Monday, December 25, 2023

A Christmas Message

 



The nicest Christmas card I received this year was from a Jewish friend. An animated ecard of Salisbury Cathedral, a children’s choir singing “O Holy Night.” 

This does not surprise me. In my experience, all religious acrimony is between the religious and the non-religious or the phony religious, never among the religious. The religious always share more than what separates them—I would say infinitely more, for it is the experience of the infinite. Among us, we know. In Saudi Arabia, I could anticipate any student or faculty member with a good beard would be a friend—as a devout Muslim. The clean-shaven were always more likely to be hostile towards me, as a Westerner and a Christian. My own Catholic faith has been deeply enriched, along the way, by Jews like Leonard Cohen and Martin Buber, Hindus like Ramakrishna or the Bhagavata Purana, Protestants like William Blake and William Lane Craig. I have far more in common with a devout Jew than a secular Christian.

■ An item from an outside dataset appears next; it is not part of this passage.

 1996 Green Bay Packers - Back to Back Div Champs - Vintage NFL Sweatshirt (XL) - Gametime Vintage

Artists are the same. True artists recognize a fellowship far more significant than any political, philosophical, or aesthetic differences. They have all felt the thumb of God, to use Margaret Atwood’s image, pressing down on their head, and this makes them brothers and sisters. You don’t fight with family; Father would not be pleased.

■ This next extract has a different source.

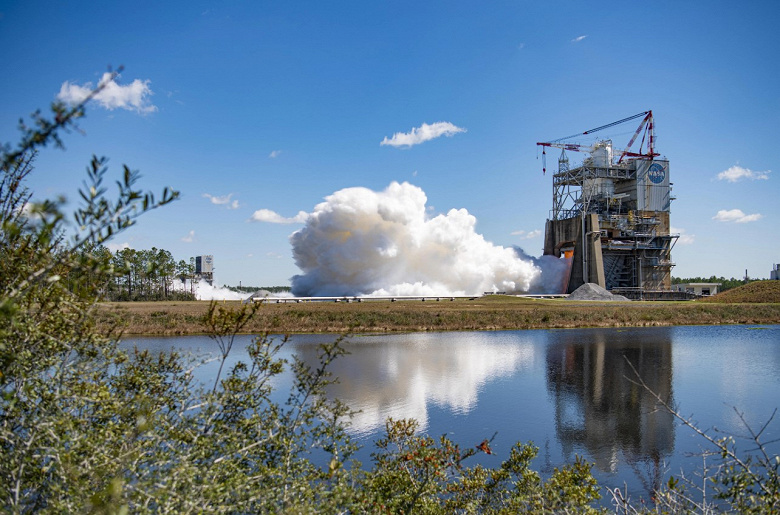 NASA успешно провело 9 из 12 испытаний двигателя RS-25 для ракеты SLS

I find ecumenism is therefore a good test against Pharisaism. If a Christian runs down Judaism, or vice versa, a Catholic Protestantism, or vice versa, a Buddhist Christianity, and so forth, you know they are not genuine about their own religion. They are just using it as a mask; wolves in sheep’s clothing.

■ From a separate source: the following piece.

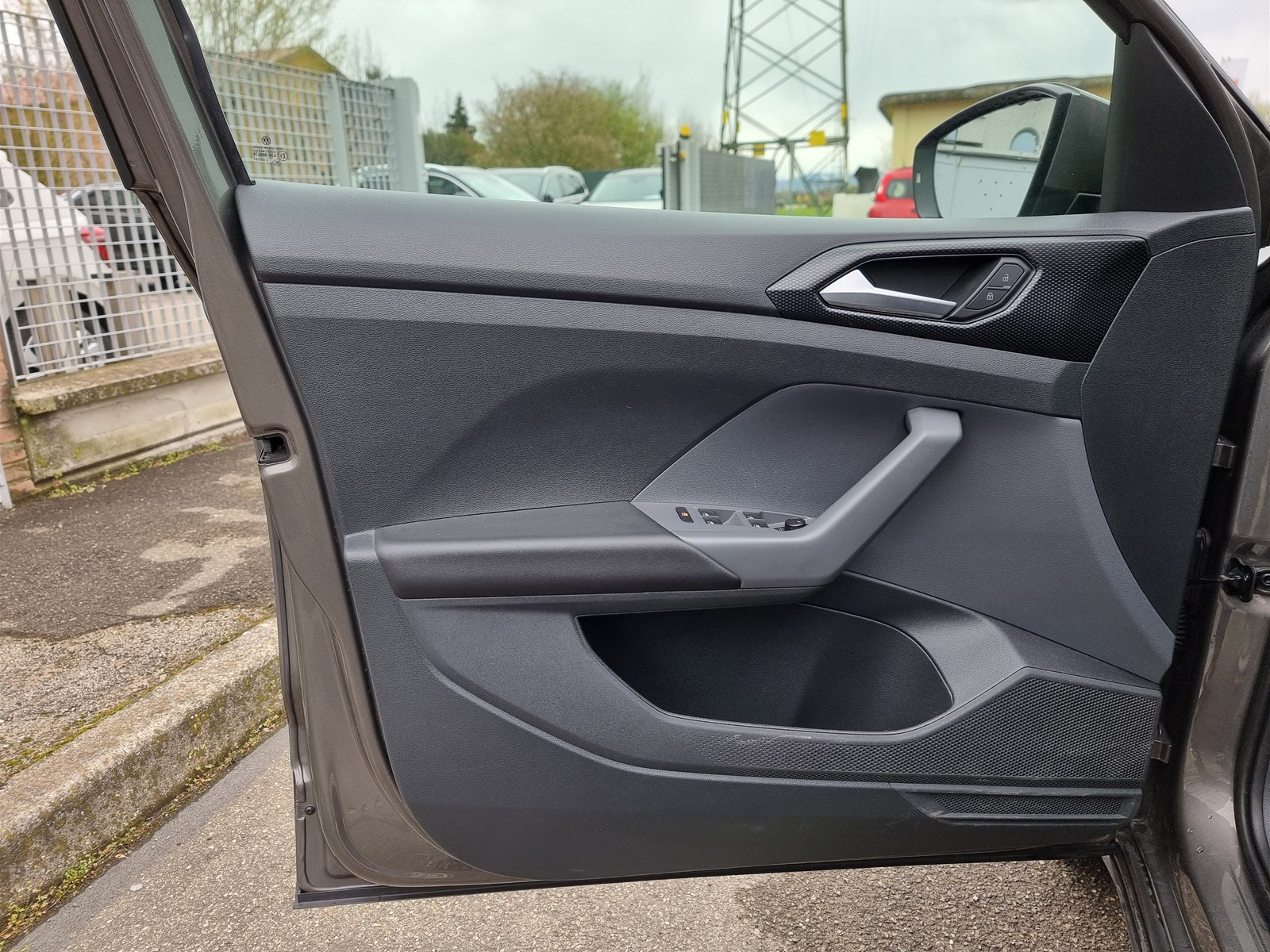 10 - Volkswagen T-Cross 1.0 tsi first edition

Serious artists similarly do not run down aesthetic schools other than their own. Fans or critics may mock country music, or jazz, or bubblegum, or whatever. But serious musicians do not; music is music. We rock snobs used to condemn the Monkees as phonies; but not Jerry Garcia, say, or Frank Zappa. We used to condemn Tin Pan Alley; but not Robbie Robertson, Paul Simon, or Keith Richards. We used to condemn Lawrence Welk. But among his buddies were many great jazz musicians.

This is not indifferentism. All the great religions are essentially true, not equally true. Often apparent disagreement is only a matter of terminology or emphasis. Yet when it is real, one must be right and the others wrong. But that mistake is far less important than being a good Muslim, if Muslim, or a good Jew, if Jewish.

Similarly, not all artistic styles and forms are equally difficult or equally beautiful. Photography is a lesser calling than oil painting. Musicianship is a lesser art than composing. Hip hop is less sophisticated than jazz. But that is secondary to doing a fine job at whatever medium and genre you are working in.

Nor is a serious artist eager to condemn another for bad art, if their heart is in the right place. Any true artist also knows the inspiration comes not from them, but from elsewhere; there but for the grace of God… 

And the same for the religious. In the words of Goethe, “Man is doomed to err, so long as he is striving.” It is in the striving; it is where the heart is.